Given the listing below, write out exactly the lines starting with the line that has "heavy-duty swivel lifting" and going on through the line that has "Sea Blue Woven Tussar Silk Saree", both kept.

*Given data*
Content starts
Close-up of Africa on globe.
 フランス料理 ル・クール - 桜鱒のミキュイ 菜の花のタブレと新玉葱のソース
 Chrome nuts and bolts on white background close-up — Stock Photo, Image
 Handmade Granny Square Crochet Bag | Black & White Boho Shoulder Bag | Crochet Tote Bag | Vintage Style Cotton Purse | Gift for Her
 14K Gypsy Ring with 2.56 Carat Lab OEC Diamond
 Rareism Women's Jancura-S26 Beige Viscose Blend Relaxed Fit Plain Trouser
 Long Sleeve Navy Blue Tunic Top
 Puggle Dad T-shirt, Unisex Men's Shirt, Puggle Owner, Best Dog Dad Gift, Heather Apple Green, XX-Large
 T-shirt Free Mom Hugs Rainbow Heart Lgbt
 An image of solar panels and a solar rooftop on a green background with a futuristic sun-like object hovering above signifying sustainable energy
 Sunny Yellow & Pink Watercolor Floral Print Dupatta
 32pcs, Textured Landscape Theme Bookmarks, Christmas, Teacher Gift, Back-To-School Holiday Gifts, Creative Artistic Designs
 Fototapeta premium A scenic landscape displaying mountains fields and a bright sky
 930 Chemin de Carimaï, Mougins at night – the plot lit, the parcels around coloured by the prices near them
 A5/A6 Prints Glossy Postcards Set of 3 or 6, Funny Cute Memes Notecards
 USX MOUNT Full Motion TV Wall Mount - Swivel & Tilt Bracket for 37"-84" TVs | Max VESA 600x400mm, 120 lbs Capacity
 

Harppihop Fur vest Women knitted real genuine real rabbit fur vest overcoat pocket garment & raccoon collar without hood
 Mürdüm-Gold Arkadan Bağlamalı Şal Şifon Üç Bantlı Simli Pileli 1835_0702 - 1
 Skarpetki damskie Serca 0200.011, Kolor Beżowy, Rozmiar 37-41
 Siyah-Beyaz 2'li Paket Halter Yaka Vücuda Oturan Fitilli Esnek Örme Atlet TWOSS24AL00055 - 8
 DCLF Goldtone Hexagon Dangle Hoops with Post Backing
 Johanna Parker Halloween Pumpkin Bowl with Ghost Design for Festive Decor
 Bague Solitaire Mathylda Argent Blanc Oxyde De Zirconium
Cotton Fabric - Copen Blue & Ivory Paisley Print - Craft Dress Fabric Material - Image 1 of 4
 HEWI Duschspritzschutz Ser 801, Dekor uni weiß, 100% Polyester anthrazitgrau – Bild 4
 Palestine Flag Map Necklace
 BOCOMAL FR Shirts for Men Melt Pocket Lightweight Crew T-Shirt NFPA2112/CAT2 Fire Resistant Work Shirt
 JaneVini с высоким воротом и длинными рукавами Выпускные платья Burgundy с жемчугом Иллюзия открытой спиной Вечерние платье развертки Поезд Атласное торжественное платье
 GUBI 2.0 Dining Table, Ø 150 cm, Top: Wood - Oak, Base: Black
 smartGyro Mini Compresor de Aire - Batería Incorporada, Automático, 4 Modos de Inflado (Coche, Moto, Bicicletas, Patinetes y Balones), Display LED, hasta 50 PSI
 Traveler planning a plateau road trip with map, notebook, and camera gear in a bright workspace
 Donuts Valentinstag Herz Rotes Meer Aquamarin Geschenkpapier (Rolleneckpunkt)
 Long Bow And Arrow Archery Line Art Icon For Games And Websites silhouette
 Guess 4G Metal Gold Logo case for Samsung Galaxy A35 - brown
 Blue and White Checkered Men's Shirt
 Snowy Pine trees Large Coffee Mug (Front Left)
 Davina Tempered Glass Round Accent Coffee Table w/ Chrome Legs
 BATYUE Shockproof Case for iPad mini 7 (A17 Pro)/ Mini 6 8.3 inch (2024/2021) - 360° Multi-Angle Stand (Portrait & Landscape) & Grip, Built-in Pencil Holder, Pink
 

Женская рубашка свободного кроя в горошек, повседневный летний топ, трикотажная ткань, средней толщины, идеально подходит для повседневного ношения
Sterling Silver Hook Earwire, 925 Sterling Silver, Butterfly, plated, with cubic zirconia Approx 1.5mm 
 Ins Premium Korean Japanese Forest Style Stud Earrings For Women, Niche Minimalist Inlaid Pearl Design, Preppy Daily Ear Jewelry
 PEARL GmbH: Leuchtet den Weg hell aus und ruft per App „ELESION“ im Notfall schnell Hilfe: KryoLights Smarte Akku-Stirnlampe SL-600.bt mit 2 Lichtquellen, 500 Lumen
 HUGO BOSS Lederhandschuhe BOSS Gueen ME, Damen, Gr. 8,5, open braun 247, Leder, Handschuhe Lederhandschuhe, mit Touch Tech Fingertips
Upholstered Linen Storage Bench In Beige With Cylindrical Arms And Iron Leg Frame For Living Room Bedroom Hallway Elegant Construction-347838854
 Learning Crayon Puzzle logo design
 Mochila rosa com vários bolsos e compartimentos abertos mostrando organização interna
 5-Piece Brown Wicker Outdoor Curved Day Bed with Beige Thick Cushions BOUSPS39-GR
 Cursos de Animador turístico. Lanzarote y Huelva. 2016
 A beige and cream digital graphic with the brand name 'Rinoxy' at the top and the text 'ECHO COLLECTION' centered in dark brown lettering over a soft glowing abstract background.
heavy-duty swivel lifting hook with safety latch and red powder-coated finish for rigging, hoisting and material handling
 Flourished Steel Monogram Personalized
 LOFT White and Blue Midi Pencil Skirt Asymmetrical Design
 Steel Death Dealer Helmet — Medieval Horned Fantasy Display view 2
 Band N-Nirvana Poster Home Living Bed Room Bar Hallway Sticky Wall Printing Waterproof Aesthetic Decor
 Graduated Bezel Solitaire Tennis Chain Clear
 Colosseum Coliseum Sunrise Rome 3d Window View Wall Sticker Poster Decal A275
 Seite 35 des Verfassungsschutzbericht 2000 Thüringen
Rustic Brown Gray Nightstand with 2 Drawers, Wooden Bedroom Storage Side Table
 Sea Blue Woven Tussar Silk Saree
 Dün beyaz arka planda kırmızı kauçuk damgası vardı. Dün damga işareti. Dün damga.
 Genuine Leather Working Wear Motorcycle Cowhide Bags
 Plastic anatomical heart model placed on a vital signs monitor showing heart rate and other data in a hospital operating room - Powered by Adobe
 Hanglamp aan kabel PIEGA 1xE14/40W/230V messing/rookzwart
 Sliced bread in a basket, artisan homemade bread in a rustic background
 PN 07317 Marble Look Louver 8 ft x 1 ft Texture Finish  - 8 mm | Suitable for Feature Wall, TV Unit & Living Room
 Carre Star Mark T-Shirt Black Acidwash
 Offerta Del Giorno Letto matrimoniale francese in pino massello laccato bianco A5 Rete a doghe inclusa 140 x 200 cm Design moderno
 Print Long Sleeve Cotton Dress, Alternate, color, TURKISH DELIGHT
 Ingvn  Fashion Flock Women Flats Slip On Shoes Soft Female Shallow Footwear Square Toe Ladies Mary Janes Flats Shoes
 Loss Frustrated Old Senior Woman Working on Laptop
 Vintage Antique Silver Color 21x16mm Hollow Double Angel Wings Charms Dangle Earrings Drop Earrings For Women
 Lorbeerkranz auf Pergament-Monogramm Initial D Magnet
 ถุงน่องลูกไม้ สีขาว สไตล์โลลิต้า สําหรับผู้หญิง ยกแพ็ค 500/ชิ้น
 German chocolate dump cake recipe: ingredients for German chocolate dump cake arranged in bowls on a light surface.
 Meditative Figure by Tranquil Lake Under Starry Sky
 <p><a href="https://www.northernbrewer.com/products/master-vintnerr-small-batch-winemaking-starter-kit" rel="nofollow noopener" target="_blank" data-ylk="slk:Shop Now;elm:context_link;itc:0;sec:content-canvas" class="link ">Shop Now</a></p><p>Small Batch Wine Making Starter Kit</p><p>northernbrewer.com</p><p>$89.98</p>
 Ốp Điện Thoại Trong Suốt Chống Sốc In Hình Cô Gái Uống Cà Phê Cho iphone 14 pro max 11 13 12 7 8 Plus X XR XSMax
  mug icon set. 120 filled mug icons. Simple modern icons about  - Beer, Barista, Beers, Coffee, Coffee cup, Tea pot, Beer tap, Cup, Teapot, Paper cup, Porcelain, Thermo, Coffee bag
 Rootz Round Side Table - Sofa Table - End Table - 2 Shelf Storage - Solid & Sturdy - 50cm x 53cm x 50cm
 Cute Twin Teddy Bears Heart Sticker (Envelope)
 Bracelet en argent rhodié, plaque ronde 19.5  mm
Content ends
*Expected answer*
heavy-duty swivel lifting hook with safety latch and red powder-coated finish for rigging, hoisting and material handling
 Flourished Steel Monogram Personalized
 LOFT White and Blue Midi Pencil Skirt Asymmetrical Design
 Steel Death Dealer Helmet — Medieval Horned Fantasy Display view 2
 Band N-Nirvana Poster Home Living Bed Room Bar Hallway Sticky Wall Printing Waterproof Aesthetic Decor
 Graduated Bezel Solitaire Tennis Chain Clear
 Colosseum Coliseum Sunrise Rome 3d Window View Wall Sticker Poster Decal A275
 Seite 35 des Verfassungsschutzbericht 2000 Thüringen
Rustic Brown Gray Nightstand with 2 Drawers, Wooden Bedroom Storage Side Table
 Sea Blue Woven Tussar Silk Saree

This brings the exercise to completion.